Анфим (лжеепископ)

Поделись знанием:
Перейти к: навигация, поиск
Анфим
Имя при рождении:

Андрей

Род деятельности:

авантюрист, выдавал себя за старообрядческого архиерея

Дата рождения:

ок. 1700

Дата смерти:

после 1757

К:Википедия:Статьи без изображений (тип: не указан)

Анфим (Андрей; ок. 1700 — после 1757) — авантюрист, выдававший себя за старообрядческого епископа, именовался епископом Кубанским и Хотинския Раи.





Биография

Был иноком в Вознесенском Кременском монастыре, по его словам был рукоположён во иеромонаха воронежским епископом Иоакимом (Струковым). Познакомился со старообрядцами и перешёл к ним. Отличался начитанностью, разбирался в Священном Писании и церковном уставе, за что был ценим староверами. В 1740-е годы принял схиму в одном из скитов, а затем был арестован за принадлежность к «расколу» на основании указа Сената от 13 декабря 1746 года и доставлен в Москву в синодальную контору. Его осудили, били кнутом, порвали ноздри и направили на каторжные работы в Сибирь.

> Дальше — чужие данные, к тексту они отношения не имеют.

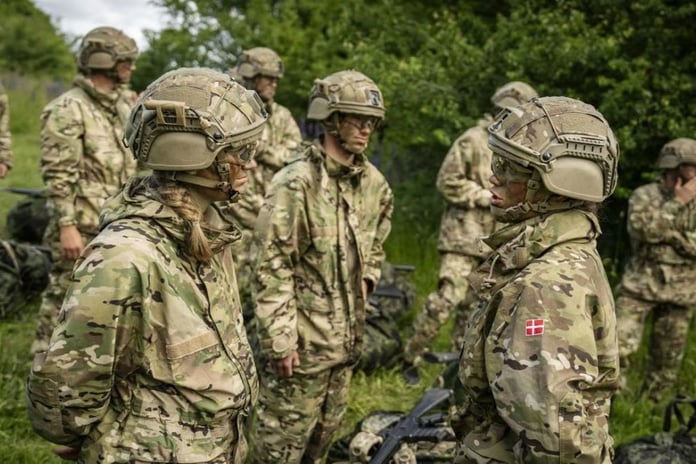 Danimarka'da kadınlar için zorunlu askerlik dönemi başlıyor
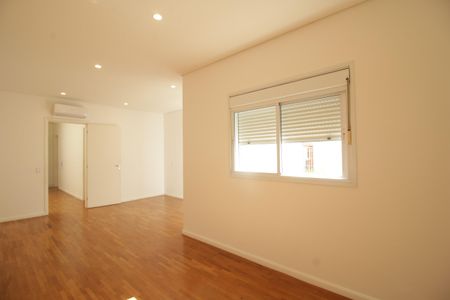 Casa de condomínio para alugar com 120m², 3 quartos e 2 vagasQuarto Suíte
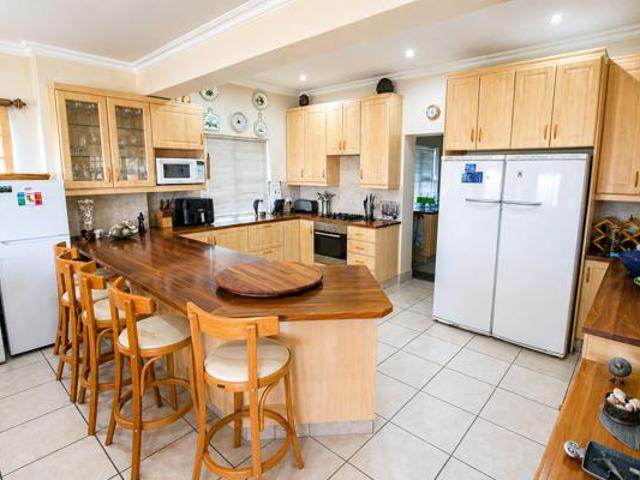 3 Bedroom House in Santareme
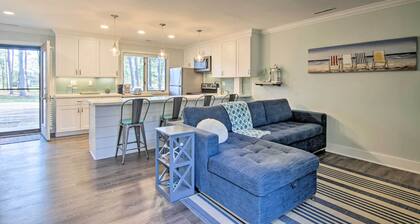 Townhome w/ Outdoor Shower < 1 Mile to Downtown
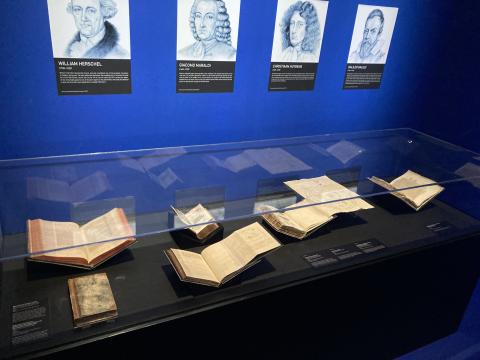 Un grup de llibres del CRAI Biblioteca de Fons Antic viatja a Singapur, a través del planeta Mart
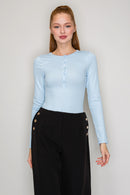 Blusa henley acanalada con botones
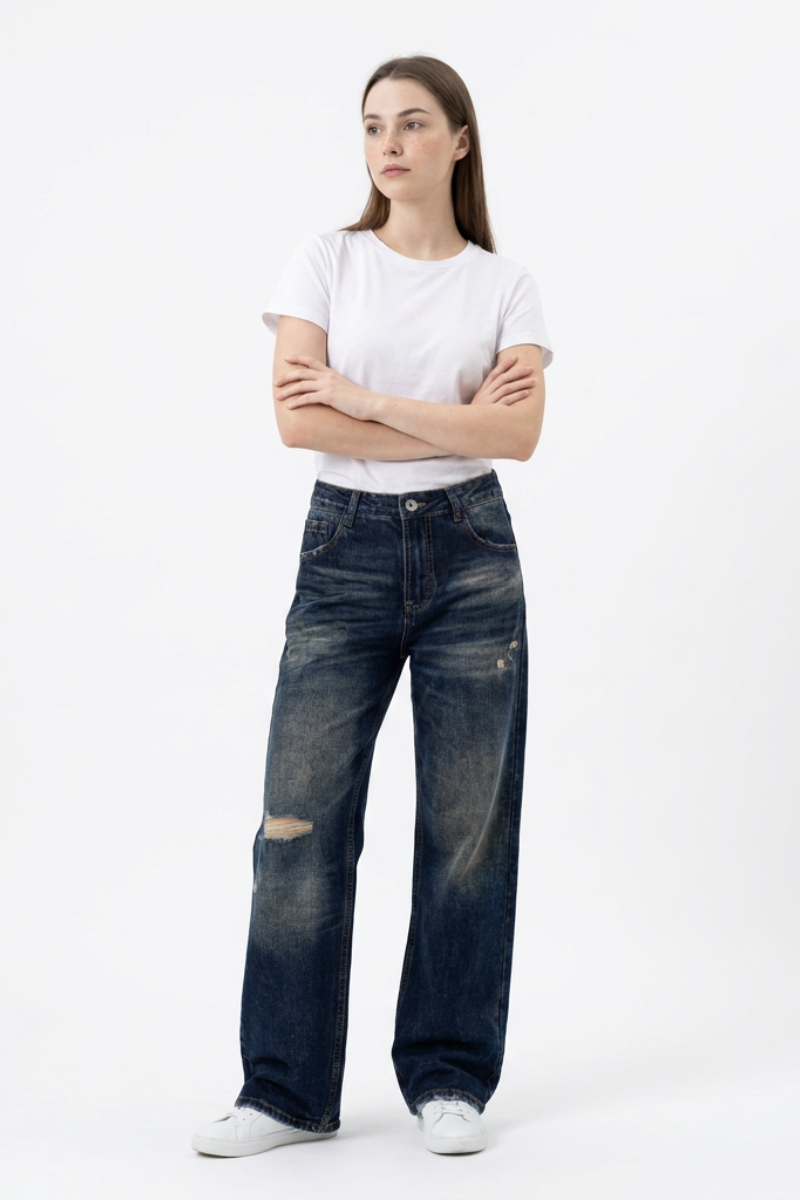 Women's Vintage Washed Distressed Straight-Leg Jeans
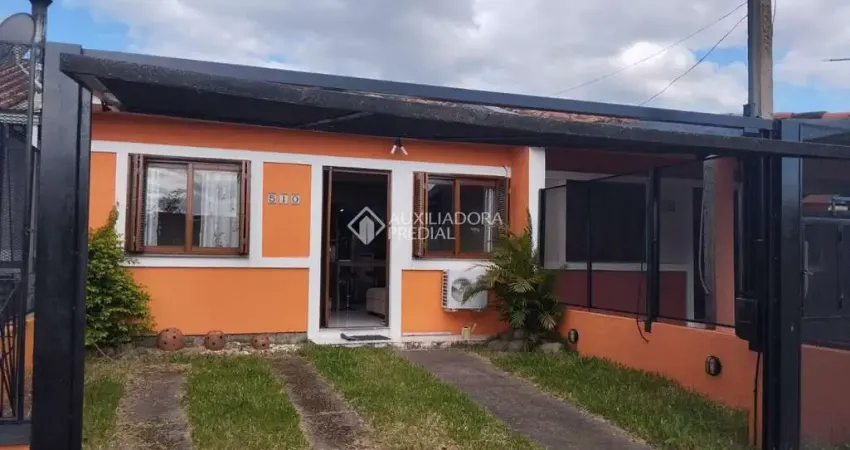 Casa com 2 quartos à venda na Rua Elaine Juchem Selistre, 510, Hípica, Porto Alegre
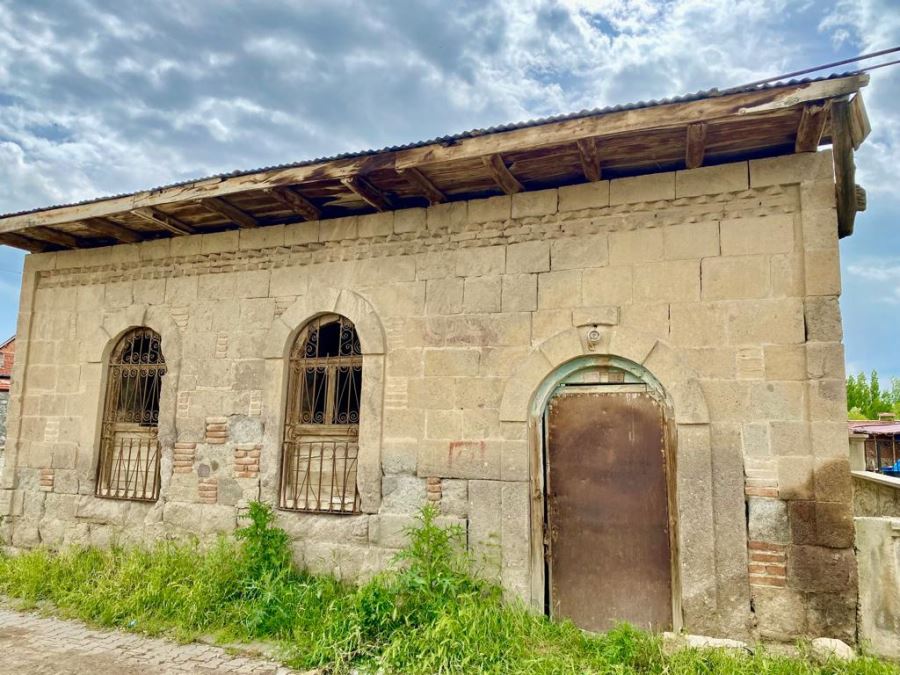 Afyon'da Tarihi Cami Kaderine Terk Edildi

С каторги (или по дороге на неё) Анфим бежал и продолжил странствовать среди староверов, которые охотно принимали его, видя в следах от наказания палачом, свидетельство его мученичества за веру. В 1750 году он был вновь арестован и содержался под арестом в Москве. В заключении его почитательницей стала богатая дворянская вдова, которая навещала его. Уговорив караульного сержанта, Анфим вместе с ней и двумя её воспитанницами 27 августа 1750 года совершили побег и направились в Ветку. Не ужившись с местными староверам, Анфим ушёл из города и поселился на землях князя Чарторыйского, который выделил ему место в урочище Боровицы в шести милях от Ветки. Там он на деньги московской вдовы восстановил разрушенную часовню, украсил её древними иконами в дорогих окладах, построил два монастыря — мужской, где сам стал настоятелем, и женский который возглавила его благотворительница, принявшая постриг с именем Елизавета. Вскоре монастыри наполнились монахами, а вокруг них образовалась слобода.

«Архиерейство»

Желая стать архиереем Анфим начал переписку с молдавскими староверами, выясняя кто из греческих митрополитов, проживающих там, сможет за деньги совершить его архиерейскую хиротонию. Однако вскоре это мероприятие показалось ему затруднительным по причине необходимости дальней поездки и он обратился в 1752 году к находившемуся на территории Речи Посполитой Афиногену, выдававшему себя за епископа Луку (в это время самозванство Афиногена ещё не было раскрыто). Афиноген получил от Анфима значительную сумму денег, но посвятил его только в архимандриты, обещая совершить архиерейскую хиротонию в будущем. Анфим начал именовать себя «нареченным епископом» и начал рукополагать священников, что взвывало недовольство среди староверов и Анфим начал добиваться от Афиногена архиерейства.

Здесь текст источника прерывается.